You just need to chill out

Jeff Overley

Have you ever met someone with whom you agreed on every single issue you both ever discussed? I certainly haven't.

Yet to glance at the editorial pages of any newspaper, to listen to and watch cable news or sometimes even to have a conversation, one would think that my situation is quite uncommon.

There seem to be a number of people, devotees of the Republican or Democratic parties, who support and defend every action taken by their group, while condemning and belittling the opposing groups.

Rarely do we hear the commentator who one week endorses the actions of say, President Bush, and the next week chastises or even scrutinizes a presidential policy. It is, week in and week out, the same rhetorical blitzkrieg.

One side labels President Bush a bold leader, the other a stammering nincompoop. The right says liberals are sniveling whiners, the left says conservatives are warmongers out of touch with mainstream America. On and on it goes, neither side ever giving an inch, each of them happily divided.

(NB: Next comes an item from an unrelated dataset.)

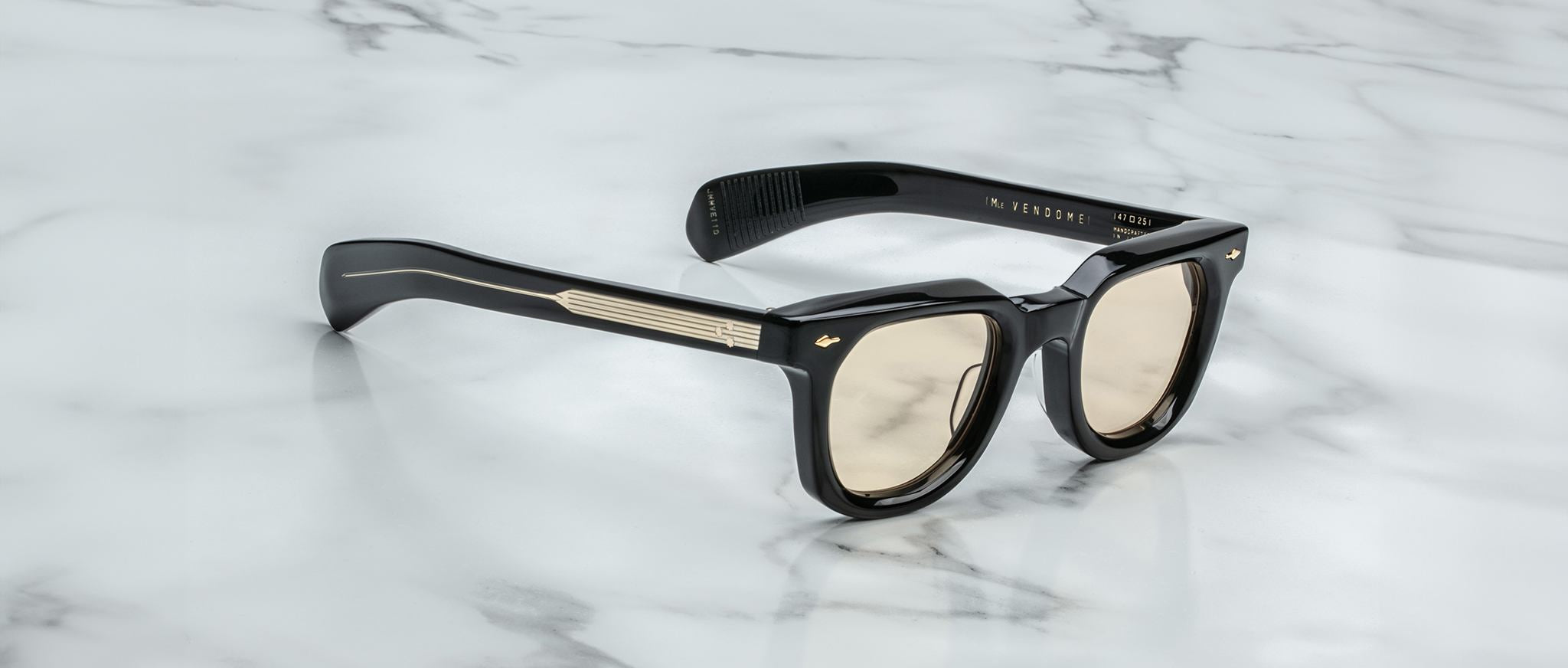 Jacques Marie Mage Vendome black rectangular sunglasses with gold accents and mirrored light brown lenses, front view.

It would be an easy solution to say that these people simply hold strong convictions, and that it is natural and productive for them to be divided as such to debate their respective positions, with the spoils going to the victors.

I don't believe that it is at all a normal human characteristic to bicker intransigently. Rather, as the early 20th century writer Simone Weil observed, this seems to be a product the political party.

Weil asks us to imagine a member of a political party saying, "Whenever I examine any political or social problem, I promise to completely disregard the fact that I am a member of a certain group and devote myself solely to discovering the public good and justice."

This comment, Weil says, would be poorly received. "His fellows ...would accuse him of treason. The least hostile would say, "Why, then, did you join a party?"

The problem, Weil notes, may also be rooted in the way education fails to stimulate children. Students are taught to think in for or against terms, rather than simply to explain their feelings and insights as a whole.

For example, last semester a teacher assigned a passage from Weil that included the following statement: "[Students] are presented with a sentence by a great author and are asked: Do you agree or not? Develop your arguments."

I would have forgotten this remark if not for the test this teacher gave us a few weeks later. On it, she presented us with a quote from Immanuel Kant, then asked -- and I quote -- "Do you agree or not? Develop your arguments."

I was quite astonished. Perhaps the teacher didn't really put much stock in Weil's ideas; nonetheless, it was enlightening.

I'll issue a challenge then, to the current intractable defenders of the left and the right. Next time you sit down to write your column, go on the air or talk with a colleague, think of one matter on which you agree or disagree with President Bush and actually express that revelation.

You can't think of anything? That's all right, I'm surprised you're still even reading. That's a good start.

Jeff Overley is a journalism major at Cal State Long Beach.